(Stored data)
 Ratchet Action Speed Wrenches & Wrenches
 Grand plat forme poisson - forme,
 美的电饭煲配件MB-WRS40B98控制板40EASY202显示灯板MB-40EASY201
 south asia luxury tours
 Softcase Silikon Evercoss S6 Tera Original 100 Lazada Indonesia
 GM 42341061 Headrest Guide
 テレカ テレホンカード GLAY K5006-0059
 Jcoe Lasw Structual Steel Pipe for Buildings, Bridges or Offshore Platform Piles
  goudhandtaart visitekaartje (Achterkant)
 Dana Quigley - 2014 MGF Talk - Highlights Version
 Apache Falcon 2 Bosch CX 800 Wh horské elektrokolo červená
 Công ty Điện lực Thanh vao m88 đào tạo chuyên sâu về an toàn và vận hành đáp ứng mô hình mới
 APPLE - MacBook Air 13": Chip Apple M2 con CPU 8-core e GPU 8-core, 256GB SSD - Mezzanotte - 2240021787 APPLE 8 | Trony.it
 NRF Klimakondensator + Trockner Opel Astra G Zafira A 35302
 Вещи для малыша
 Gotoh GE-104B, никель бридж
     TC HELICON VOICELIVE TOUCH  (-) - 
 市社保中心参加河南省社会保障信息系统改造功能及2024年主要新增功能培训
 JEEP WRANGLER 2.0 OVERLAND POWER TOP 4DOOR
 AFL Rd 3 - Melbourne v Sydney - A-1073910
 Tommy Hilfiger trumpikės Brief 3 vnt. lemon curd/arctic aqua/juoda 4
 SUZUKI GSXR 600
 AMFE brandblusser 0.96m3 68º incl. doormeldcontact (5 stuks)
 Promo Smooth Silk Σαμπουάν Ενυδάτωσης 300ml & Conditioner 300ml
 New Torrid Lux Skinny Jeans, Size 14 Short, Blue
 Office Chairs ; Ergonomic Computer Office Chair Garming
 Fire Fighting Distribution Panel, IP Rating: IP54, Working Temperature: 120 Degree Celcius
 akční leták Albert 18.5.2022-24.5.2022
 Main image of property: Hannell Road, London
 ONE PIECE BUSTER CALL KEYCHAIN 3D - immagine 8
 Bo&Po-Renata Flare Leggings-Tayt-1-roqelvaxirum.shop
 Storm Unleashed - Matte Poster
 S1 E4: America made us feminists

*What you will do*. Copy the records word for word.

*Task answer*.
 Ratchet Action Speed Wrenches & Wrenches
 Grand plat forme poisson - forme,
 美的电饭煲配件MB-WRS40B98控制板40EASY202显示灯板MB-40EASY201
 south asia luxury tours
 Softcase Silikon Evercoss S6 Tera Original 100 Lazada Indonesia
 GM 42341061 Headrest Guide
 テレカ テレホンカード GLAY K5006-0059
 Jcoe Lasw Structual Steel Pipe for Buildings, Bridges or Offshore Platform Piles
  goudhandtaart visitekaartje (Achterkant)
 Dana Quigley - 2014 MGF Talk - Highlights Version
 Apache Falcon 2 Bosch CX 800 Wh horské elektrokolo červená
 Công ty Điện lực Thanh vao m88 đào tạo chuyên sâu về an toàn và vận hành đáp ứng mô hình mới
 APPLE - MacBook Air 13": Chip Apple M2 con CPU 8-core e GPU 8-core, 256GB SSD - Mezzanotte - 2240021787 APPLE 8 | Trony.it
 NRF Klimakondensator + Trockner Opel Astra G Zafira A 35302
 Вещи для малыша
 Gotoh GE-104B, никель бридж
     TC HELICON VOICELIVE TOUCH  (-) - 
 市社保中心参加河南省社会保障信息系统改造功能及2024年主要新增功能培训
 JEEP WRANGLER 2.0 OVERLAND POWER TOP 4DOOR
 AFL Rd 3 - Melbourne v Sydney - A-1073910
 Tommy Hilfiger trumpikės Brief 3 vnt. lemon curd/arctic aqua/juoda 4
 SUZUKI GSXR 600
 AMFE brandblusser 0.96m3 68º incl. doormeldcontact (5 stuks)
 Promo Smooth Silk Σαμπουάν Ενυδάτωσης 300ml & Conditioner 300ml
 New Torrid Lux Skinny Jeans, Size 14 Short, Blue
 Office Chairs ; Ergonomic Computer Office Chair Garming
 Fire Fighting Distribution Panel, IP Rating: IP54, Working Temperature: 120 Degree Celcius
 akční leták Albert 18.5.2022-24.5.2022
 Main image of property: Hannell Road, London
 ONE PIECE BUSTER CALL KEYCHAIN 3D - immagine 8
 Bo&Po-Renata Flare Leggings-Tayt-1-roqelvaxirum.shop
 Storm Unleashed - Matte Poster
 S1 E4: America made us feminists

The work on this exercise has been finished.